Middle-aged dog-lovers form one niche, retired couples with attitude and plenty of friends will be another, while the small business brigade is always ready to pick up on a sexy- looking new car on which to stick their logos and attract attention.
With its new Yeti soft-roader, Skoda appears to have taken packaging cues from its cleverly arranged, but polarising Roomster model - my absolute favourite family car - and toughened everything up a tad for occasional forays off road, wrapping it up in a far more acceptable skin, that's chunky, solidly finished and, yes, for me at least, sexy-looking.
Like the Roomster, the Yeti isn't built from a single existing platform. Instead, the front part of the design's underpinnings come from the Octavia II, with the rear part coming from the 4x4 Golf V 4-motion.
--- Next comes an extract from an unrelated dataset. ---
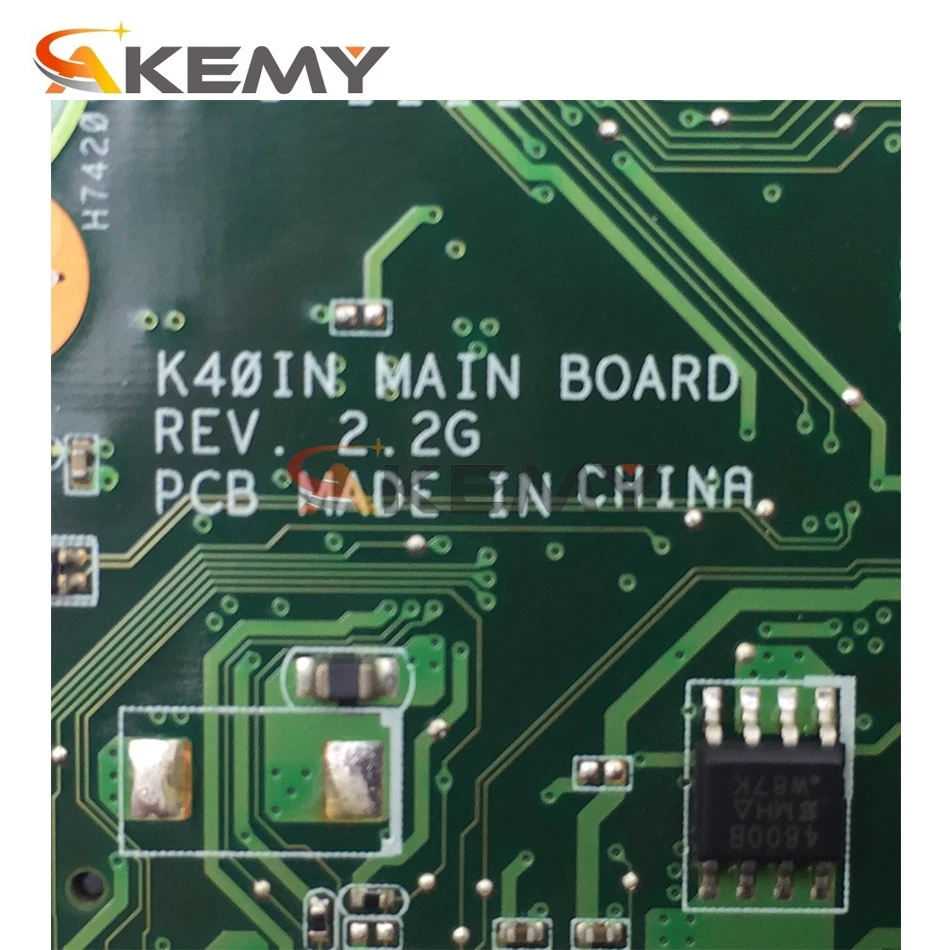 Материнская плата Akemy K40IN для ноутбука ASUS K50IN K50AB K40AB X8AIN X5DIN K40IP K50IP оригинальная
This clever play on platform engineering was proven very effective with the cavernous Roomster, which by combining Fabia and Octavia underpinnings was able to end up with exceptional space, unique looks and a chassis of such comfort and precision that it surprises most that drive it for the first time.
The full range of Yeti models, which has yet to be finalised for New Zealand, will not be available until June or July. But for driving impressions, demonstration and press purposes, a small fleet of 103kW six- speed manual turbodiesel Yetis has been brought in to give those interested a taste of things to come.
Skoda's New Zealand chief for European Motors, James Yates, is keen to look at even a two-wheel- drive version of the Yeti, if it's priced right. And it should be, as one 2WD Yeti employs the VW group's outstanding new 1.2 TSi petrol engine, with a seven-speed two-pedal transmission and should sit easily in the mid-40 grand bracket.
For the current pre-launch Yeti imports, the manual 2.0-litre turbodiesel is flagged at $49,990 for the manual, with another $2500 added for the DSG version.
Mr Yates said final pricing when the proper New Zealand market units arrive might be a little different. For the sake of market positioning, I'd like to see the Yeti 1.9TDi at under $50,000 with DSG, as the floated pricing above places it too close to a similarly-sized and equipped Volkswagen Tiguan for comfort.
Big enough to accommodate four big adults with a flexible fifth person in the centre-rear row seat, the Yeti also fronts up with enough volume, seats-up for 415 litres of luggage space, without stacking things higher than the seat backs.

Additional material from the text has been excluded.